Eye of the Needle. It's become fashionable to view economic development aid with considerable skepticism. And for good reason: As William Easterly documented a decade ago, the aid going to poor countries (including debt relief) has had little impact on growth. But Noro Aina Andrimihaja (World Bank), Matthias Cinyabuguma (University of Maryland) and Shantayanan Devarajan (World Bank) argue that the case against aid has been oversold.
They claim that aid could help to tip some of Africa's poorest-performing economies out of the "fragility trap" -- the mix of pervasive violence, insecure property rights, and corruption that has prevented 22 out of 48 sub-Saharan countries from busting out of wretched poverty. If enough aid is funneled to the right places (admittedly, a big "if"), the authors claim there is solid evidence that the money can trigger a virtuous cycle in which institutional gains generate growth and growth generates more institutional gains. Avoiding the Fragility Trap in Africa. World Bank Policy Research Working Paper 5884. Download (free) here.
Sauce for the Gander. China has for the most part welcomed foreign direct investment in the form of factories, retail stores, and the like since the economy opened for global business in the 1980s. In the high-stakes scramble to gain access to Chinese consumers, the big multinationals have invested hundreds of billions of dollars there. GM, for example, now sells more cars in the Middle Kingdom than in the United States. But the flow of direct investment goes both ways. Indeed, China's appetite for companies, joint ventures, and production facilities in countries ranging from the United States to Russia to Algeria is large, and growing rapidly. A big question is why.
Leonard K. Cheng (Hong Kong University of Science and Technology) and Zihui Ma (Renmin University of China) use government data through 2006 (the latest available) to explore the motives of these Chinese corporate investors (virtually all of which have close ties to Beijing). Not surprisingly, acquisition of critical natural resources (think oil and gas) and the opportunity to sample foreign technology rank high on the list. But China is also increasingly interested in using FDI to gain a foothold in the global financial services industry, to diversify its mammoth foreign exchange reserves, and to disarm foreign critics by creating jobs in the advanced industrial economies. China's Outward Foreign Direct Investment. National Bureau of Economic Research. Download (free) here.

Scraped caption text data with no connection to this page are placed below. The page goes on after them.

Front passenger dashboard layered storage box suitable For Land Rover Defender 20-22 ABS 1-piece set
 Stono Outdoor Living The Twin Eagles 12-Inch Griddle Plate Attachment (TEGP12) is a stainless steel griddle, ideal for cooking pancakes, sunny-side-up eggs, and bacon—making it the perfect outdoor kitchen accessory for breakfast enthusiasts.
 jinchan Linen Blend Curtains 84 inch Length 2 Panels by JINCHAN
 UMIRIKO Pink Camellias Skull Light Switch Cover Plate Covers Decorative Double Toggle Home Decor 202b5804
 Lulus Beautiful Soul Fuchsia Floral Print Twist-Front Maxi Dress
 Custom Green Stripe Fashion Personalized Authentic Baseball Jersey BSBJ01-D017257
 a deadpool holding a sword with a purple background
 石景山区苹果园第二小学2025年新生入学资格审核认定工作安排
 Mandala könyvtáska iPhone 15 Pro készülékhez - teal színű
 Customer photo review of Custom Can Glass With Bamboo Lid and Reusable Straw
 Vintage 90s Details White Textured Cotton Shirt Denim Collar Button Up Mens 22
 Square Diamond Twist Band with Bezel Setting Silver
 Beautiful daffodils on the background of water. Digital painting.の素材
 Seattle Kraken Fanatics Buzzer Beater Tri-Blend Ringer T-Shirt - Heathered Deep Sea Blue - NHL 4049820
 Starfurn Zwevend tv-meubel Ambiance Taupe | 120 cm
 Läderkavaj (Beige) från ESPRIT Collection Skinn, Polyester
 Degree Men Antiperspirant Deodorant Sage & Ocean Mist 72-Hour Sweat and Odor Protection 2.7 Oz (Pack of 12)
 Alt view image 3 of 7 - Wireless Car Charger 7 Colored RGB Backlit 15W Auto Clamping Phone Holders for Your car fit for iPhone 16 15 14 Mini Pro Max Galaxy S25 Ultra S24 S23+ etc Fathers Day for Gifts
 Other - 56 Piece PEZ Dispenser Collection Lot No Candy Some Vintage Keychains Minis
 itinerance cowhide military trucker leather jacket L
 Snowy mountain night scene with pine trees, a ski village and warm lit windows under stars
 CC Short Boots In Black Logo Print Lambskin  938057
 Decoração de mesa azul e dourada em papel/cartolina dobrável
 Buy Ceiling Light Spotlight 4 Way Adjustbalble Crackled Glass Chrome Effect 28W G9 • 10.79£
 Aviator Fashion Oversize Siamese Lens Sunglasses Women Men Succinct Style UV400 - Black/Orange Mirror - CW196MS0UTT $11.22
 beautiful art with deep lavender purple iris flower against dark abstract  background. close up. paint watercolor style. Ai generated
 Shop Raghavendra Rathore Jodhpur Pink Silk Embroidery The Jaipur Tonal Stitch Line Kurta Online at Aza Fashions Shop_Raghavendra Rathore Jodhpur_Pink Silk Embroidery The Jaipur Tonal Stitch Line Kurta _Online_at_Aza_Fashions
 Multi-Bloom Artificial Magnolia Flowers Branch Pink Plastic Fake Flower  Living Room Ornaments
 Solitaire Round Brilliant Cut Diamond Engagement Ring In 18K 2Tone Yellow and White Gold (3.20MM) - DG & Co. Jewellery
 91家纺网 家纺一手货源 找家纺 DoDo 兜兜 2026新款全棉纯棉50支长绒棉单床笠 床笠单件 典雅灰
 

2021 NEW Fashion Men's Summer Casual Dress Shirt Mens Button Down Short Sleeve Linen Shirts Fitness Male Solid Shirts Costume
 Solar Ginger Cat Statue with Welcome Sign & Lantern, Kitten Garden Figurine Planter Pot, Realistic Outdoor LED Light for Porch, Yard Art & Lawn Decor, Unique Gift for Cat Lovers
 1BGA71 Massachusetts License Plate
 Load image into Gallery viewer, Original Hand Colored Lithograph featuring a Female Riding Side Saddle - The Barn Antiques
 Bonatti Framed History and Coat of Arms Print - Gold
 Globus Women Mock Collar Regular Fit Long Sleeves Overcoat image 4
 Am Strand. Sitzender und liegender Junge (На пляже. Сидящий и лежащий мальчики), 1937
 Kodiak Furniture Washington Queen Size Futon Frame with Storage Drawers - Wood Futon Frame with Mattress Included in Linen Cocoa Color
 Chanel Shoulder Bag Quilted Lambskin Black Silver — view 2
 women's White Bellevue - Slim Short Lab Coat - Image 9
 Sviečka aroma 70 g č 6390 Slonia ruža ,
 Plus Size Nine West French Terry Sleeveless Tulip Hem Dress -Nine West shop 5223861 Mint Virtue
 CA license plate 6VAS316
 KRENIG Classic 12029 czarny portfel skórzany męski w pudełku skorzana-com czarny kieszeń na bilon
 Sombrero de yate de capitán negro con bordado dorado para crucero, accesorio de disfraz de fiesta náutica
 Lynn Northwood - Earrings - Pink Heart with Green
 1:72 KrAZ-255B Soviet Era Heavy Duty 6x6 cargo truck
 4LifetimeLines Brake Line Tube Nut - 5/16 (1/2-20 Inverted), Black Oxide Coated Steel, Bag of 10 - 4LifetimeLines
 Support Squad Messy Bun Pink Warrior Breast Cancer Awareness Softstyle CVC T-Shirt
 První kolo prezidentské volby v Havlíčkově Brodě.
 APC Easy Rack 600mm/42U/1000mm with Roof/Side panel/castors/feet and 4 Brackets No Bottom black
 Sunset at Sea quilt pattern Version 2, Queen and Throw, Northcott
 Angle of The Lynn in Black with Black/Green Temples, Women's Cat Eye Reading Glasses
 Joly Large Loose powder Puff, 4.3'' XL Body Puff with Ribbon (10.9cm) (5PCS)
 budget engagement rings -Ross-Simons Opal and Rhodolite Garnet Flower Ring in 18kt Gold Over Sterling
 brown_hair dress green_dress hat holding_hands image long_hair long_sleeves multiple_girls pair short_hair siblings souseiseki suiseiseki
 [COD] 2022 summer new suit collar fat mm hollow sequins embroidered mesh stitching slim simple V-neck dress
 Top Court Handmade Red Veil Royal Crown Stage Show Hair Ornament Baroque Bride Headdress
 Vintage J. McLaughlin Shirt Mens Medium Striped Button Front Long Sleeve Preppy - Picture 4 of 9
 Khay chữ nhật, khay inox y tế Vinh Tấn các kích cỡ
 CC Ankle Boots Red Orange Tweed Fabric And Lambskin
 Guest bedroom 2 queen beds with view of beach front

Convergence, By the Numbers. Economists know (though a surprising number seem to have forgotten since 2008) that the whole point of discretionary fiscal policy is to smooth fluctuations in the business cycle. Running surpluses (or at least cutting budget deficits) in boom times dampens inflationary pressures, while running deficits in recessions offsets falling private demand. This explains why most advanced industrial economies practice "countercyclical" policies most of the time.
By contrast, developing countries -- especially those dependent on raw materials exports -- have actually run "procyclical" fiscal policies, and it's not hard to see why. A good chunk of their government revenues come from taxes and royalties on exports. In global booms, commodity prices generally go up. Politicians typically couldn't resist the pressure to spend the money, thereby exacerbating inflation. Meanwhile, in economic downturns, export revenues lag and these governments lacked the credit to borrow in order to sustain demand. So when America or Europe or Japan coughed, the developing world caught cold.
But according to the statistical analysis of Jeff Frankel (Harvard), Carols Vegh (University of Maryland), and Guillermo Vulletin (Colby College), that's changing. The big emerging market countries including China, India, and Brazil (along with many lesser developing economies) weathered the last recession very nicely, in large part because they now have the discipline and the means to use fiscal policy in countercyclical fashion. The explanation, the three economists say, lies in the strengthening of government institutions -- everything from the ability to contain corruption to the capacity to collect taxes. Good news, indeed. On Graduation from Procyclicality. NBER Working Paper 17619. Download ($5 charge) here.
Girl Power. It's obvious that limiting women's access to education and jobs is costly, and almost as obvious that the countries paying highest price for discrimination are among the poorest. But oddly, nobody has done a credible job of quantifying the problem -- or, at least, not until now.